WHAT TO DO >> Word for word, quote the lines from the one containing "Chalet de 3" to the end of the entries below, including both. Leave pictures out.

-.-.-

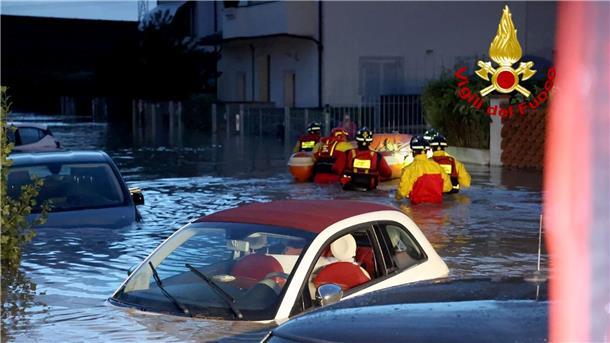 Eine überschwemmte Straße, in der zahlreiche Autos unter Wasser stehen, in Lamporecchio.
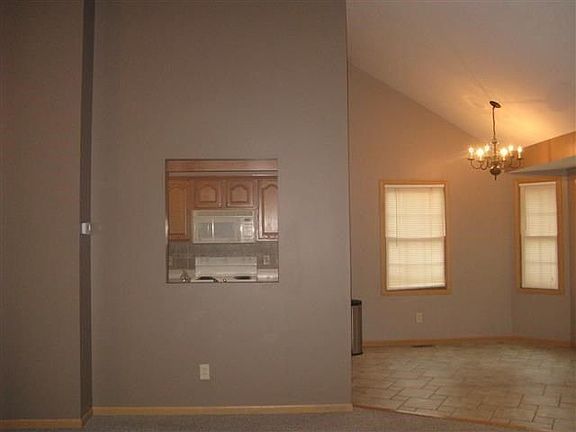 4th image of 1845 Pin Oak Ct
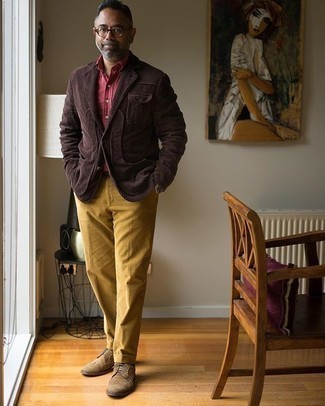 Какие броги носить с темно-коричневым пиджаком в 30 лет: Любишь выглядеть дорого? Тогда ансамбль из темно-коричневого пиджака и горчичных брюк чинос - это то, что тебе нужно. Теперь почему бы не привнести в повседневный лук чуточку стильной строгости с помощью брогов?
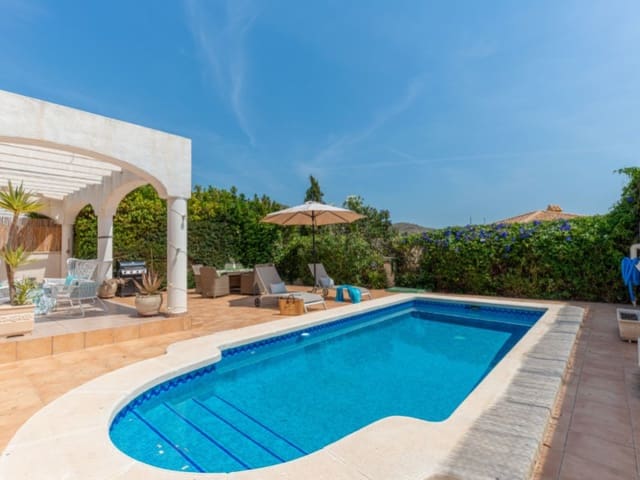 Chalet de 3 habitaciones en El Campello en venta con piscina - 549.000 € (Ref: 9892414)
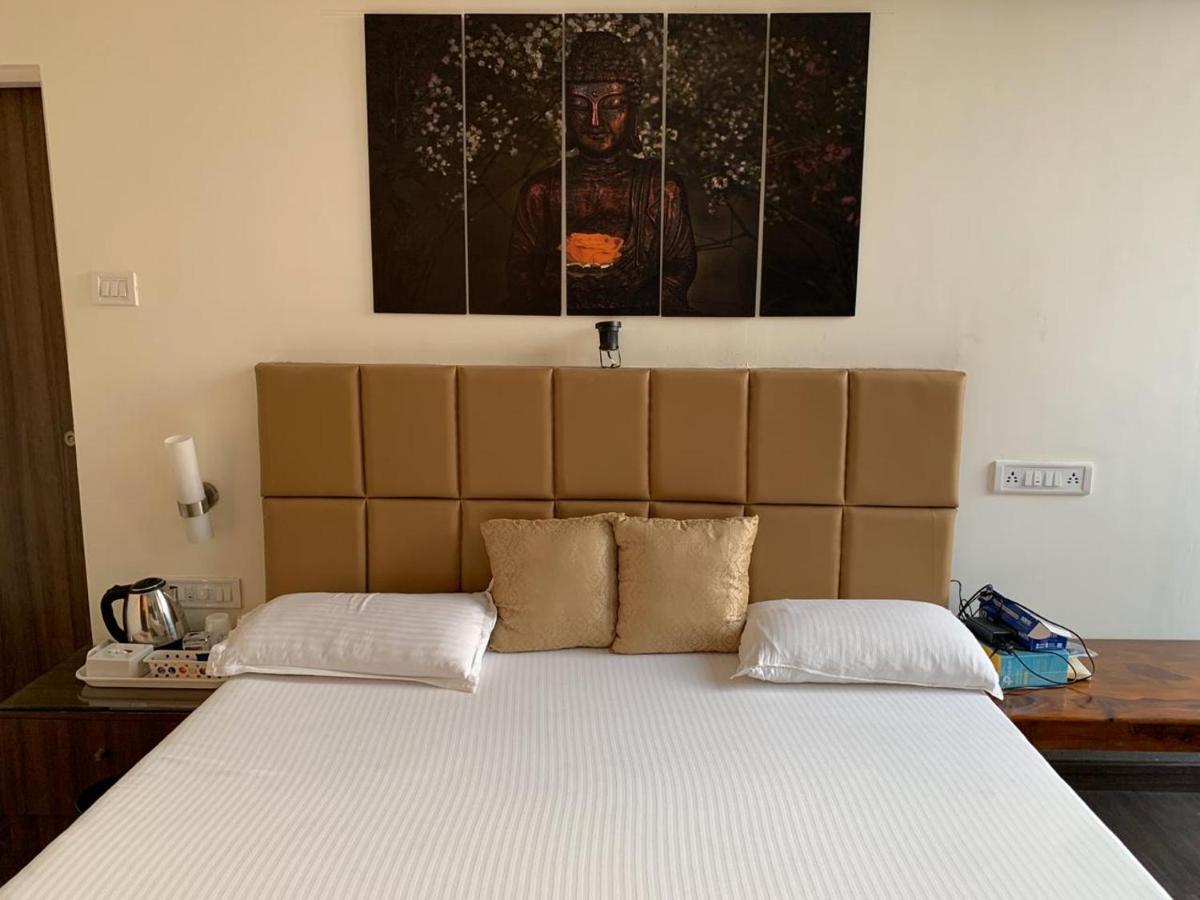 Apple Tree Apartments Koregaon Park Pune Luaran gambar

-.-.-

TASK SOLUTION >>
 Chalet de 3 habitaciones en El Campello en venta con piscina - 549.000 € (Ref: 9892414)
 Apple Tree Apartments Koregaon Park Pune Luaran gambar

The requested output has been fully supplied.